Twitter is the second most popular social network (next to Facebook), allowing users to post, or “tweet,” messages no longer than 140 characters. Approximately 1 billion tweets go online every week. The volume of messages, and their brevity, makes them ideal for extracting information easily.

Along with fellow researchers from Britain and Italy, the Israelis suggest transportation planners should be ready to analyze tweets posted after mass events, like sports matches, as a novel and accurate way to gather and disseminate data on transportation snafus including heavy traffic, “bottlenecks,” safety hazards and the availability of public buses and trains.

Their study was published the first week of September in the journal Procedia Social and Behavioral Sciences, and was presented at the 16th Euro Working Group on Transportation in Portugal.

The three year study began in 2011, led by Susan Grant-Muller from the Institute of Transport Studies at the University of Leeds and funded by the Worldwide Universities Network (WUN). Participating researchers included Kuflik, Einat Minkov and Itai Schor from the University of Haifa; Ayelet Gal of the Technion-Israel Institute of Technology; and Silvio Nocera from the University of Venice.

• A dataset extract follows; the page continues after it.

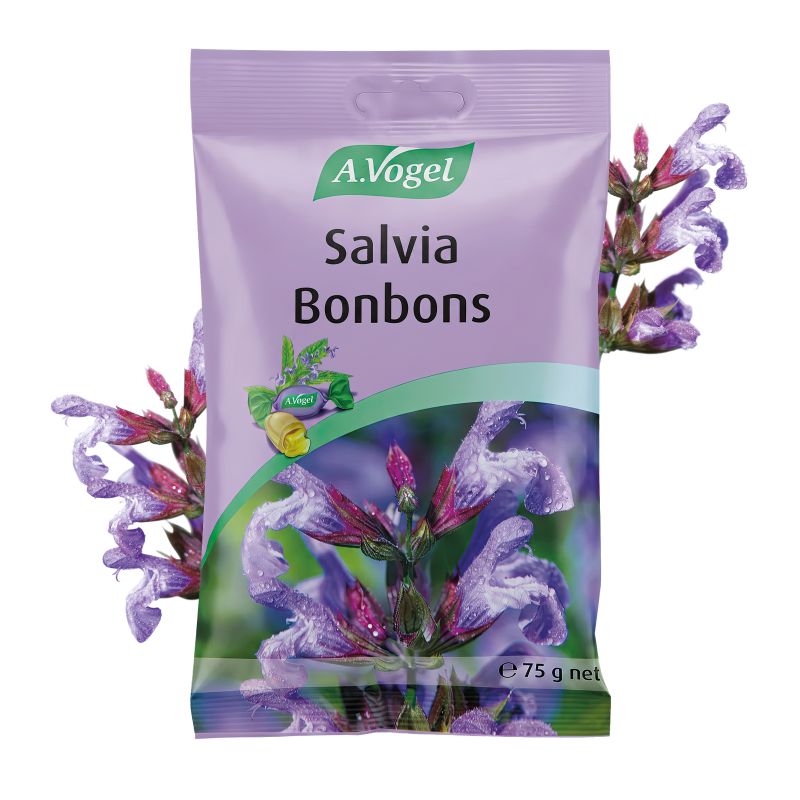 A.Vogel Salvia bonbons 75g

Tweets from soccer spectators

The group chose to focus their study on days when the Liverpool soccer club was hosting matches. They devised a method to examine tweets hours before and after the games, and to winnow out the ones related to transportation issues sent by road users — not by transport authorities.

These 1,100 tweets were then categorized according to specific subjects. Fully 900 of the messages were found to be related to problems experienced by users as a direct effect of the games going on at Liverpool.

About half of the complaints concerned the quality of service of public transportation — crowded buses and trains, availability, accuracy of schedules and long travel times. Approximately one-third of the tweets were posted by people looking for rides or seeking advice about the best means of transportation to their destination. Some 16 percent of the messages were reports of unusual events, such as accidents.

“Our research shows that the information people tweet on Twitter is an ‘information gold mine’ that has not been used yet,” the study concluded. “Correct identification of relevant tweets from Twitter can provide firsthand information about the problems, complaints and customer expectations — in our case, of the citizens themselves — and enable policy makers to better plan the steps they need to take.”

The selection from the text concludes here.